Le lien par la figure de la jeune fille se fait donc à rebours de l’adolescente qui clôturait Jeannette, un parti-pris singulier qui joue donc de la continuité comme de la rupture. On retrouvera cette pureté du texte originel, ce recours à des parties musicales, mais dans une proportion inversée : alors que l’électro métal du premier opus occupait le devant de scènes très bucoliques dans le premier opus, la dimension littéraire devient prépondérante, et les intérieurs mobilisent une grande partie des prises de vues, dans des superbes exploitations de la cathédrale d’Amiens pour la transcription du procès notamment. L’aridité change donc de camp : en un sens, Jeanne est moins perché que son prélude, sans doute parce que le récit aborde l’âge adulte des responsabilités (des fidèles envoyés au combat, et d’une position qu’on assume face au Roi et à l’Eglise) et que la théâtralité sèche du film s’attarde très longuement sur le protocole glacial des autorités.
Le jeu des oppositions fonctionne une nouvelle fois par la radicalité : le texte exhaustif s’éternise volontiers, et la fixité des plans, souvent sublimes dans leur cadrage associe la minéralité des lieux à la fixité d’un système qui refuse le mouvement du libre arbitre. On sent ici le retour d’une thématique qui habitait la première partie de la carrière de Dumont, ce rapport au sacré qui peut effrayer dans sa froideur, et bruisser dans d’autres domaines où il serait impossible de le formuler, à savoir la nature. C’est le cas de ces prises de vues sur les habituelles dunes du Nord, où les bunkers de la seconde guerre mondiale deviennent la prison de Jeanne. L’iconographie folle du premier volet, ses chorégraphies d’amateurs se crispe face à la raideur du monde des adultes, sans que la grâce n’abdique, en témoigne cette parade équestre vue du ciel et qui substitue aux combats (faute de moyens, sans doute, mais aussi et surtout par égard pour la dimension littéraire de l’adaptation) une autre forme de mise en scène épique.

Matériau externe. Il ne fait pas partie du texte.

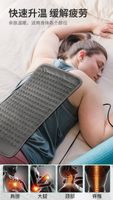 Electric 6-speed Adjustable Hot Compress Physiotherapy Single Heating Blanket main image 3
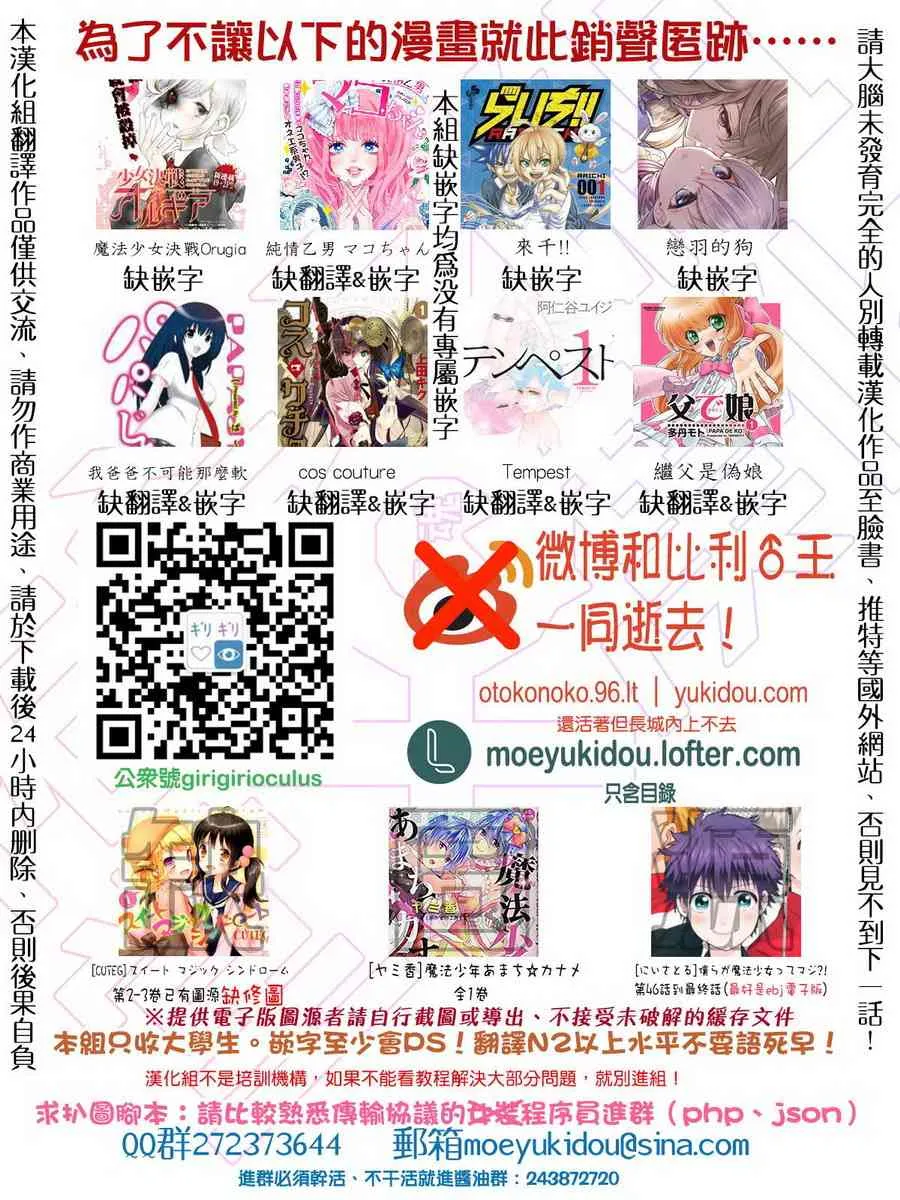9话 第8页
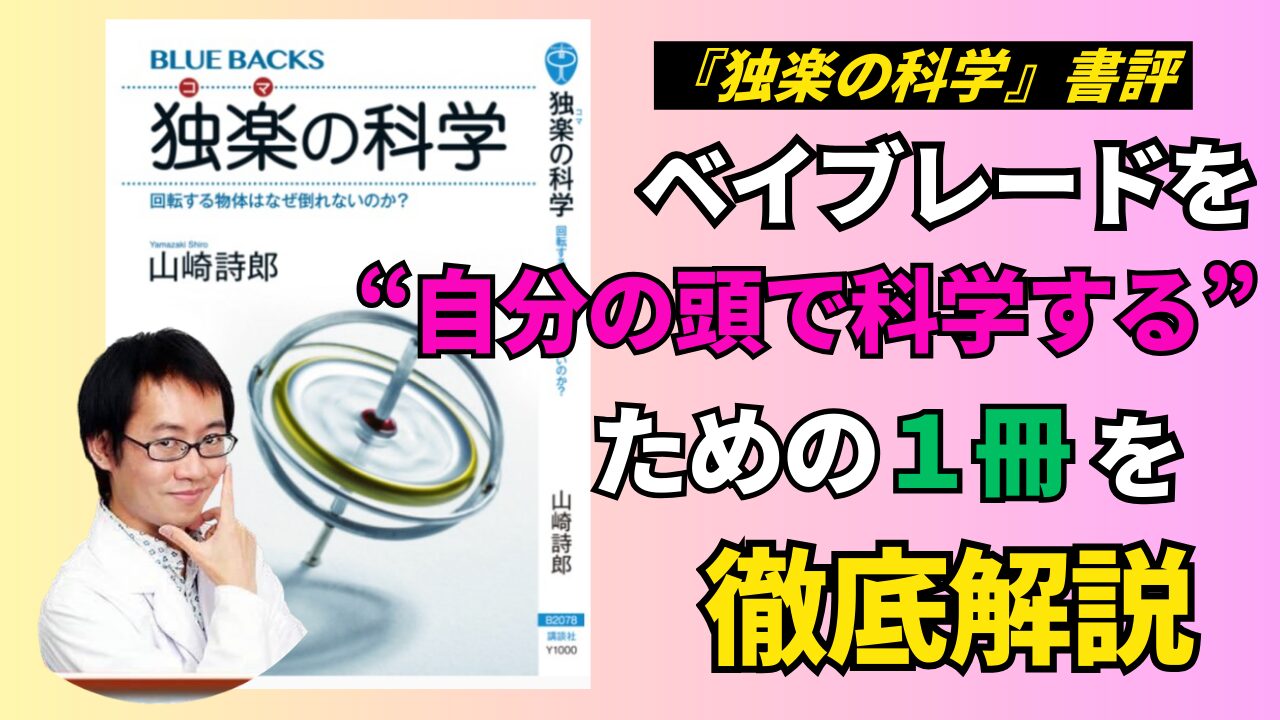 『独楽の科学』書評のアイキャッチ画像。ベイブレードを科学するための入門書として紹介する記事サムネイル
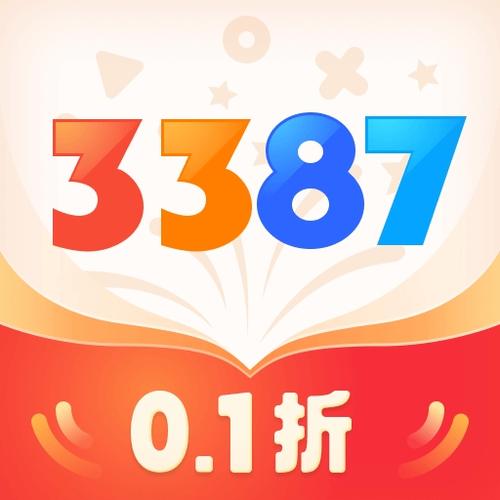 不扣量转发单价最高的软件截图2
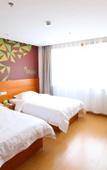 Туры в отель Vatica Shanghai Jinshan District Jinshan Guojishangmaocheng Weihong Road Hotel Туры в отель Vatica Shanghai Jinshan District Jinshan Guojishangmaocheng Weihong Road Hotel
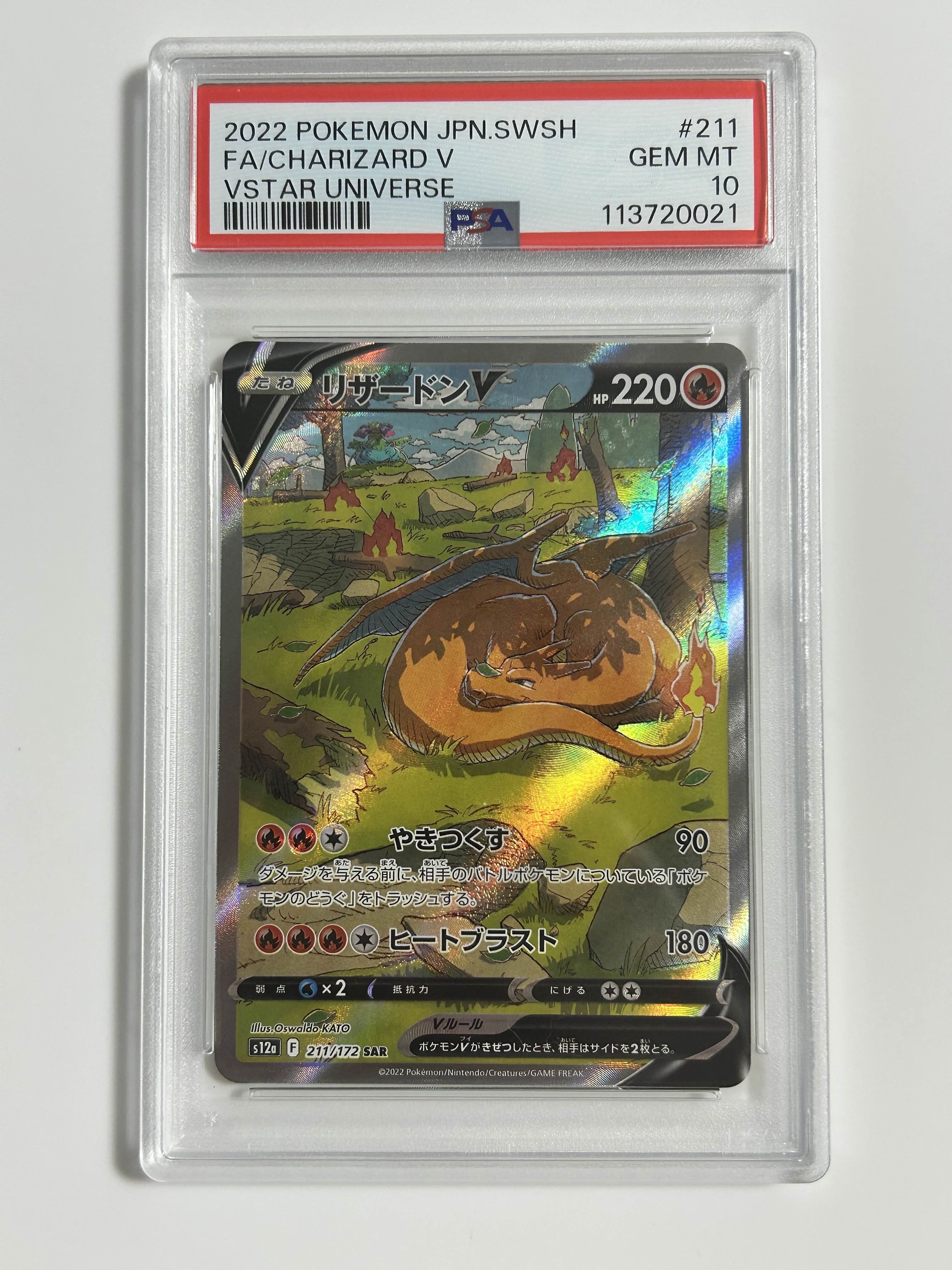 リザードンV SAR[s12a 211/172](ハイクラスパック「VSTARユニバース」)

Mais le film ne trouve sa véritable finalité que dans le contrepoint qu’offre Jeanne au système dans lequel elle évolue. Pivot des débats, centre névralgique des prises de vues, ce corps d’enfant offre une grandeur paradoxale face aux adultes qui décident stérilement de son sort. Elle est la vigueur d’une parole répétée et flûtée, absolument inamovible et qui va jusqu’au cri habité pour réaffirmer son engagement, allant jusqu’à faire dérailler la machine bien huilée du système.
Et l’audace attendue de la part de Dumont arrivera à quelques reprises, d’autant plus éclatante qu’elle est volontairement raréfiée. Les interludes musicaux que l’on doit à l’immense seigneur qu’est Christophe, sont de véritables déchirures célestes qui inondent de grâce les protagonistes comme les spectateurs. Alors que les ecclésiastiques parlent au nom d’une force mystique dont on n’entrevoit rien, cette incursion du sacré, par la présence de Jeanne, fait brutalement décoller le récit entier vers des contrées insoupçonnées.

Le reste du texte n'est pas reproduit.